Today’s typical child is no smarter than a child from 100 years ago or even 200 years ago (although they live much longer). The child may have acquired more knowledge in terms of pure facts but is not capable of performing simple tasks that earlier generations performed without effort or injury.

Generations ago a boy was considered a man when he reached the age of 12, later it was 16, and now today it is 24. Some experts think it is more like 30 after the boy has had some life experiences on his own. In our effort to provide and protect for our children, have we abdicated our responsibility as parents / mentors to provide our children with real meaningful growth? Is not the acquisition of knowledge without real world application just trivia?

If this is evolution, then it would appear that we are headed to a very peaceful, self-serving destruction. Or is this a form of de-evolution? Where as parents, we accept less responsibility for our children and require others to share the burdens of our decisions. Where our children proclaim ignorance of the facts even though they have been schooled in these facts for more than 2 decades.

If as parents, we want our children to mature / grow-up as nature intended it (and not when they feel like it) then should we not also grow-up and accept the responsibility for the gifts that were given to us? If there is to be any hope for our children in this world, should we not set the correct example?

Remember this when you are washing the clothes for your 30 year old son or paying the bills for 30 year old daughter. Remember this when your children won’t help you because they can’t be bothered with your problems or when they put you in a home because it is easier than physically caring for you.

Being a parent may be choice. But once you have made that the choice, it’s a lifetime responsibility. For ever and ever, till the day you expire."

4 comments:

Mirjam said...

Yes, interesting...:o)

We will see what will happen to our boys :oD

Mirjam :o), homeschooling three boys in the Netherlands and trying to catch up with your blogging :o))

Kristin said...

That's hard to argue with. It's a sad commentary on the children and parents of this country. It's funny how worried parents are that their children have "fun" and other "experiences", but they don't teach them how to be a grown-up. Great reminder!

K said...

Very true! This will be something to think about as my husband and I start our family. I think it's really sad how this generation is so self-serving and spoiled. I'm not proud of it.

Michelle said...

Are we abdicating our responsibility, or loosing sight of how far the responsibility goes?

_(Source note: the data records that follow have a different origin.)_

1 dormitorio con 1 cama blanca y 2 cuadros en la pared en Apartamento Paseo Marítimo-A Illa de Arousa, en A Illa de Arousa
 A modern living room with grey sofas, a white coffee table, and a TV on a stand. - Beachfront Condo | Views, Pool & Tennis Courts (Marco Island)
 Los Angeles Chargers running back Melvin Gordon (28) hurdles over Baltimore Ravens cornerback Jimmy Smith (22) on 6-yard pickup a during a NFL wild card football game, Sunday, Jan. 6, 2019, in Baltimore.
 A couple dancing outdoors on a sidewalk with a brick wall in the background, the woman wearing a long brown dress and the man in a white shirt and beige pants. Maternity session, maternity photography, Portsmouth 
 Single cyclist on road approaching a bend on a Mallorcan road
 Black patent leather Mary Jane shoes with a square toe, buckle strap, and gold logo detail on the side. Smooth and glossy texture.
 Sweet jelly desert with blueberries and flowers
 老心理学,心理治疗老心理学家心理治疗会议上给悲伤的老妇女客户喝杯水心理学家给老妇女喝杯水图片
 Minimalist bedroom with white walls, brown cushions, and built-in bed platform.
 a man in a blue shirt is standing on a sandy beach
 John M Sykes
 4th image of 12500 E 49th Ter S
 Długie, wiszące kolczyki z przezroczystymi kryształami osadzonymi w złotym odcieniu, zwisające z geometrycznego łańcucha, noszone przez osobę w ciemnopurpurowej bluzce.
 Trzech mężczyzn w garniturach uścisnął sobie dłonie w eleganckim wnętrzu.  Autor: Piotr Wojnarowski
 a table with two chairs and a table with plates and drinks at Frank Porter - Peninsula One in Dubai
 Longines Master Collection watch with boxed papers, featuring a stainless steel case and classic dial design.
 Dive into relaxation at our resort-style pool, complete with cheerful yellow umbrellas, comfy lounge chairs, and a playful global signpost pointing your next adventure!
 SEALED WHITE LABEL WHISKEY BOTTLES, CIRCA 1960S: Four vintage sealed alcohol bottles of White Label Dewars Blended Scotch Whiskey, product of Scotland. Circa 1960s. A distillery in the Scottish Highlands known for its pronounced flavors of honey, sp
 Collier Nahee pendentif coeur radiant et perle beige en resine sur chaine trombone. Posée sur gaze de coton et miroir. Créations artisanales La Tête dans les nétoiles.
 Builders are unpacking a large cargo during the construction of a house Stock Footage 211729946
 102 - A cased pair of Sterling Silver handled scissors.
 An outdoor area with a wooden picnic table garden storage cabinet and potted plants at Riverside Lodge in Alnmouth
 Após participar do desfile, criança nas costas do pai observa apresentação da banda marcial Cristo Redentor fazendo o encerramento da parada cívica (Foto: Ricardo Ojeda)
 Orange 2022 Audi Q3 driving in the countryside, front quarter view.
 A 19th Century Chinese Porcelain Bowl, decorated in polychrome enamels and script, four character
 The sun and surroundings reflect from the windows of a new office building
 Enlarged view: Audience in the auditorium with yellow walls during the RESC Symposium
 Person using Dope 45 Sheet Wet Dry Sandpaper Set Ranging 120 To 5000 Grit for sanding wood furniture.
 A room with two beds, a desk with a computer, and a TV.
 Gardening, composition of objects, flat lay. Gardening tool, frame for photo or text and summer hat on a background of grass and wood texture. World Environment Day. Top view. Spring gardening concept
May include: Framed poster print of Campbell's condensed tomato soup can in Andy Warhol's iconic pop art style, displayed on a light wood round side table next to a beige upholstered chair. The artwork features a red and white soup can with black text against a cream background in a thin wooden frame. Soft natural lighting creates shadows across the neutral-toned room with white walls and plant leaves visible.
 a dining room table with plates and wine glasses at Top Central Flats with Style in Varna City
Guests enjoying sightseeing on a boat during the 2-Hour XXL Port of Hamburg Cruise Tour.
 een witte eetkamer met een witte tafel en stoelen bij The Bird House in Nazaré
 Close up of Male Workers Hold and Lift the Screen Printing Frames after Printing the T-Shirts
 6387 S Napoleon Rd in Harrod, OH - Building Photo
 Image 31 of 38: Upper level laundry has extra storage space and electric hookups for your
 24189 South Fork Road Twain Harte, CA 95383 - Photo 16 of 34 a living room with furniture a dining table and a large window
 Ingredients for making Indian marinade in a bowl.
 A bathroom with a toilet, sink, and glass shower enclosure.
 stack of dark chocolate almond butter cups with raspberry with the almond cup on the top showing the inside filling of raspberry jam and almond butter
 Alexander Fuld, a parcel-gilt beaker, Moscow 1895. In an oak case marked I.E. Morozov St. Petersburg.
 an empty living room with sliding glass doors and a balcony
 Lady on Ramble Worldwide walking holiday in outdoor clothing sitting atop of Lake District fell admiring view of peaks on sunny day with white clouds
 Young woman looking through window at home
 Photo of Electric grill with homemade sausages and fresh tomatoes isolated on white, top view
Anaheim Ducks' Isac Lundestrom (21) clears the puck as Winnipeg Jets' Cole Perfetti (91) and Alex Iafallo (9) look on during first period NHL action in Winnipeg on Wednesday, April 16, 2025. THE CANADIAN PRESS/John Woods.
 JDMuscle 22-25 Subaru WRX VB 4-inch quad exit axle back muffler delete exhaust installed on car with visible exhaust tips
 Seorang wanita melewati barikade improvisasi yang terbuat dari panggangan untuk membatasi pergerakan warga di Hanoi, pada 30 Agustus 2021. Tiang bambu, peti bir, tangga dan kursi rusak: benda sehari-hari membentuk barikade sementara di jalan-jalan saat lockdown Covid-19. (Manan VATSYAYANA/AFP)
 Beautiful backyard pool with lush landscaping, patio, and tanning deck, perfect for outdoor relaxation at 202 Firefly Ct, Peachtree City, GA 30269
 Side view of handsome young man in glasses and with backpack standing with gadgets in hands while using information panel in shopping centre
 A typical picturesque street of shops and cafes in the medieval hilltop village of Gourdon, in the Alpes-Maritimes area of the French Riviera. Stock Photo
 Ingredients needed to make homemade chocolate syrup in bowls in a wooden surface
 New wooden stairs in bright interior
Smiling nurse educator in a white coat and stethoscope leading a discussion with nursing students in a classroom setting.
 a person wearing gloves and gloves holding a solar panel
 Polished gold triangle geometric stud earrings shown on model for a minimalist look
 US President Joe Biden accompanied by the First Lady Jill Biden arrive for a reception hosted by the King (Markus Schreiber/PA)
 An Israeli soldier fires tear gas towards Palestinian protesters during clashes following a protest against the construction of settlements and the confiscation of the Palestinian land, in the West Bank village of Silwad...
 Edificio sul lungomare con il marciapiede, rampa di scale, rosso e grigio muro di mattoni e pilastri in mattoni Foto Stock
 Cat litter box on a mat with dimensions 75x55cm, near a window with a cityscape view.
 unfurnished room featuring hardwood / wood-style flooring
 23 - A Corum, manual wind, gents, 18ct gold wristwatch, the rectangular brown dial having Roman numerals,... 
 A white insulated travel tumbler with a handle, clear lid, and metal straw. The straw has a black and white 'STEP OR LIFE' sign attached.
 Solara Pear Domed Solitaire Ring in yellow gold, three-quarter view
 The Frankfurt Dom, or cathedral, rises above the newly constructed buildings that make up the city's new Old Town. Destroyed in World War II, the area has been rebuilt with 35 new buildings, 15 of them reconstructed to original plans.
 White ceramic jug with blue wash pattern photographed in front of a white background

Yes, it's a shame when a 40 year old won't leave the house, but does this commentary take into account the proportional increases in the costs of living alone? What happens when going away to college to learn how to live on your own becomes financially impossible? When said children totally screw up and rack up so much debt that they want to commit suicide - how would you feel if you practiced that and they went through with it?

I think that these are things to think about, but not necessarily cut and dried.

Wandering emails like the one you have posted often are written from a specific point of view and are designed to elicit certain responses.

What would be the alternative? I'm not willing to bet that anyone who reads you will be willing to ceremonially shove their kids out the door on their 18th birthday. As much as we'd like to say that we would, we probably won't.